Convém explanar que para alguns autores, ao relacionar a alfabetização

apenas ao ler e escrever, dando ênfase apenas ao processo codificação e

decodificação, esquecemos de que a alfabetização da criança tem que ser vista de

modo contínuo e evolutivo, isto é, a aprendizagem e o uso social do ler e escrever

vão se desenvolvendo com o tempo, por isso torna-se desnecessário o uso do termo

letramento. De acordo com Emília Ferreiro (1989) não temos necessidade de usar

outro termo para se referir a algo que já deveria estar inserido no processo de

alfabetização.
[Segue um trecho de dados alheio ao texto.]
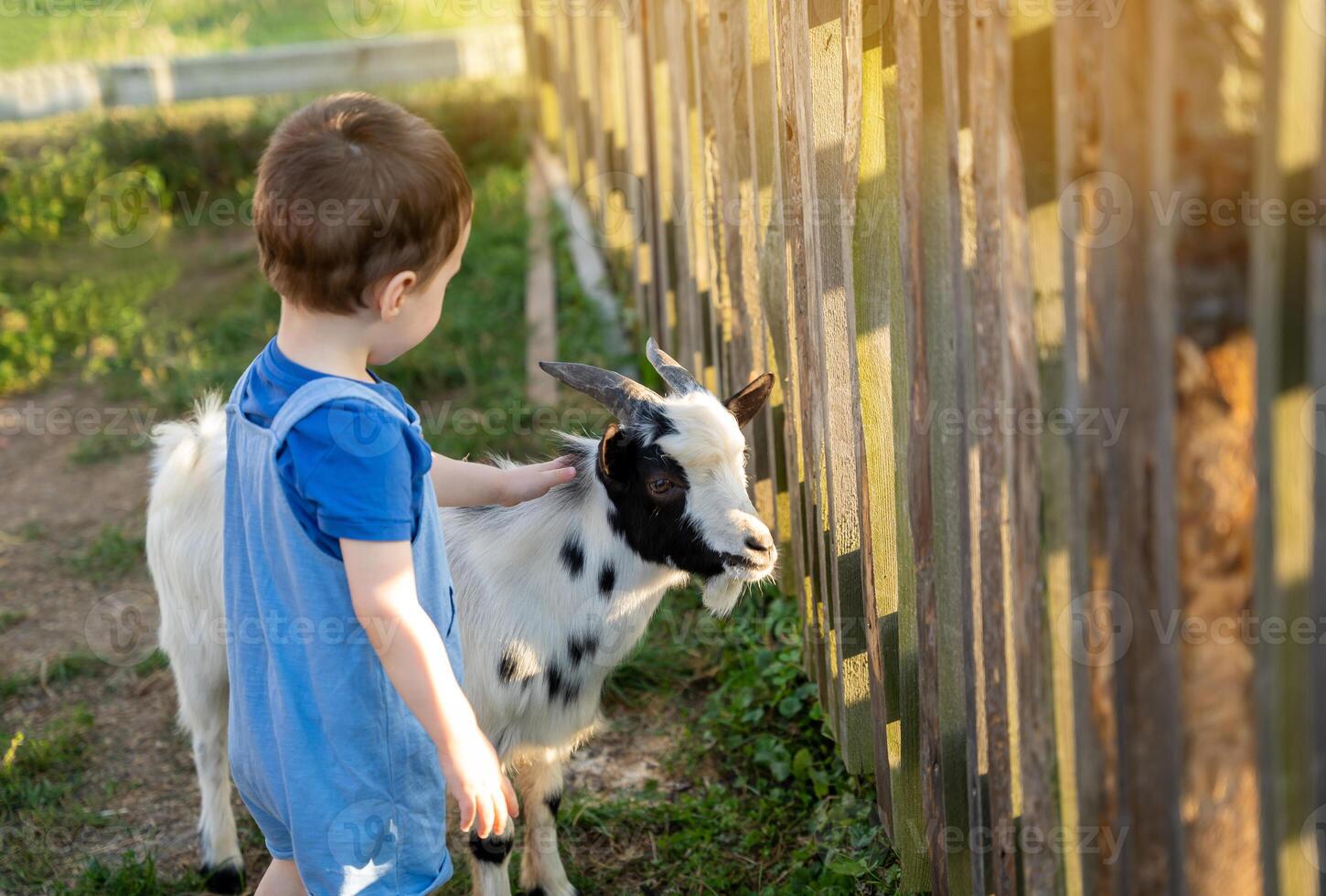 Cute toddler boy two or three years old petting a goat. photo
Pensamento semelhante tem Moacir Gadotti, sendo até mais “radical”

ao defender o termo alfabetização em oposição ao letramento, para ele “tentam

esvaziar o caráter político da educação e da alfabetização” (2005, p.48). Dentro de

seu raciocínio

[...] a palavra alfabetização tem um peso, uma tradição no contexto do paradigma da educação popular, e que esta é a maior contribuição da América Latina à história universal das idéias pedagógicas (2005, p.49).

O autor explana ainda que ao abdicar do termo alfabetização em favor do

letramento, “daqui a pouco, deveremos nos referir às alfabetizadoras como

letramentadoras? Além do equívoco conceitual, sonoramente seria uma lástima!

Emília Ferreiro tem razão: é um retrocesso”. (GADOTTI, 2005, P.49).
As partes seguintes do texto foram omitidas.